The orthography is difficult, the language and rhythms awkward, since at that time the poet, like just about anyone trying to write in that language, had little control over the task because of the radical newness of the art and the oral and non-standardised nature of the language. Una Marson had similar difficulties in the 1930s, before “Miss Lou” (Bennett) conquered it thereafter.

So already McKay was making an impact on the literature. “Flame-heart” is significant because of its place within the mainstream poetry of its time. The poetry was characterised by imitation of English verse, with a passion for landscape poetry following Romantic and Victorian verse.  “Flame-heart” is in the landscape trend, but McKay stops short of the imitation. There is extensive description of Jamaican plants, trees and flowers, but the poem’s main preoccupation is something else. It is above all a poem of nostalgia and exile.

The poet seemed to have developed a very pronounced sense of exile from his native land, expressing dreams of returning and memories of a childhood immersed in the countryside in Romantic fashion.

The poem is also pastoral in the poet’s relationship with refreshing, life-giving, unspoiled natural surroundings and a haven from the stress of wherever he was. Another outstanding example of this is the poem “I Shall Return”.

The slight post-colonial element is his emphasis on local vegetation to the exclusion of any colonial reference to the temperate climates. Added to that is the symbolist refrain concerning the flame-heart tree and the vivid, almost saddening image of the flaming red of the poinsettia.

Another significant departure for McKay was in his fiction. His novel Banana Bottom in 1929 is a clear advancement of the social realism developed by the likes of Hubert G Delisser in the first quarter of the century.

(A similar advancement was taking place in Trinidad in the 1930s).  Banana Bottom betrayed the Marxist tendencies in McKay who visited Moscow and somehow embraced communism.

At the same time, the novel reflected severe contradictions in socialization, education and class consciousness while maintaining a value for the folk, the countryside and the proletariat (also hinted at in the poem “I Shall Return”).

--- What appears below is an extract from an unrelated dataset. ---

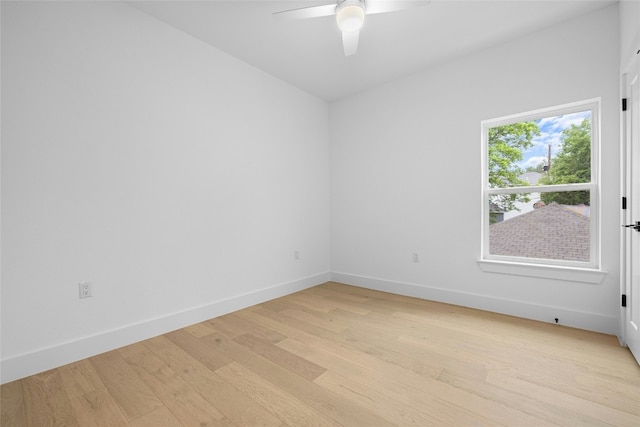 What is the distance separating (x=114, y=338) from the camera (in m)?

His classification as American would have arisen from his residence in the USA and his active participation in the Harlem Renaissance.

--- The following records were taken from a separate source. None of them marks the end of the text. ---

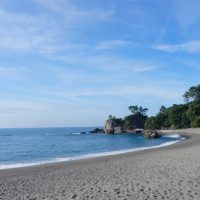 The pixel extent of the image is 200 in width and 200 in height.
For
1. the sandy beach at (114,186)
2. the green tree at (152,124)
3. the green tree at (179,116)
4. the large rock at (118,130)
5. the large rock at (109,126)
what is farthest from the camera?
the large rock at (109,126)

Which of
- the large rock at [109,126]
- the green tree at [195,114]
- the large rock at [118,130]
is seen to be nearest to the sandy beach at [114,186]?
the green tree at [195,114]

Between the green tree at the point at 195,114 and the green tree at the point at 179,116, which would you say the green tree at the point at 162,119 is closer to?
the green tree at the point at 179,116

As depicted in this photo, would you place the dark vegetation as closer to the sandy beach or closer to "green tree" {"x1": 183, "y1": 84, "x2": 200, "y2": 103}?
"green tree" {"x1": 183, "y1": 84, "x2": 200, "y2": 103}

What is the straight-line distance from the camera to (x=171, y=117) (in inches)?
4914

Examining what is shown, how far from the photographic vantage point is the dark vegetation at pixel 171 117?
10868cm

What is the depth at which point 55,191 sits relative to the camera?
599 inches

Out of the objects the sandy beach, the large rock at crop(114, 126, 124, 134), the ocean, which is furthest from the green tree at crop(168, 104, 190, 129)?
the sandy beach

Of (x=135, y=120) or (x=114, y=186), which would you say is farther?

That is when he was moved by the racial atrocities and the struggles of Blacks in that country. A poem like “The Lynching” definitely comes out of that experience and is an example of why McKay came to be included in American literature.

His Harlem experience also coincided with his association with Marcus Garvey and the Universal Negro Improvement Association in the USA. There was a strong literary movement involved with Garveyism and the Africanist leader himself. (See Tony Martin’s Literary Garveyism.)

That was another part of McKay very consistent with his social and proletarian consciousness that produced his Creole poetry and kept him above imitation in his other works.

The sonnet “If We Must Die” is probably his best-known poem, acclaimed in the UK and around the world because of the inspiration it provided for the World War. It has a rallying universal ring to it and is largely seen in that context.

But more likely it was written for the struggling Blacks in the USA. Rather than the World War, it might well have been addressing itself to the fight against racial oppression in America.

Yet McKay’s experience was much wider, and indeed quite universal. He also lived in Europe and has novels set there – in Paris, for example. These works include novels Banjo (1929), Home to Harlem (1928) and A Long Way from Home (1937). There were reports of works of his that were only more recently discovered and published in America.

He is therefore a writer of profound and varying interests and preoccupations.

While the poem “Flame-heart” illustrates his relationships with the West Indian poetry of the 1930s and 1940s, it is by no means restricted to that brand. There are suggestions in the poem of a number of other important characteristics of McKay.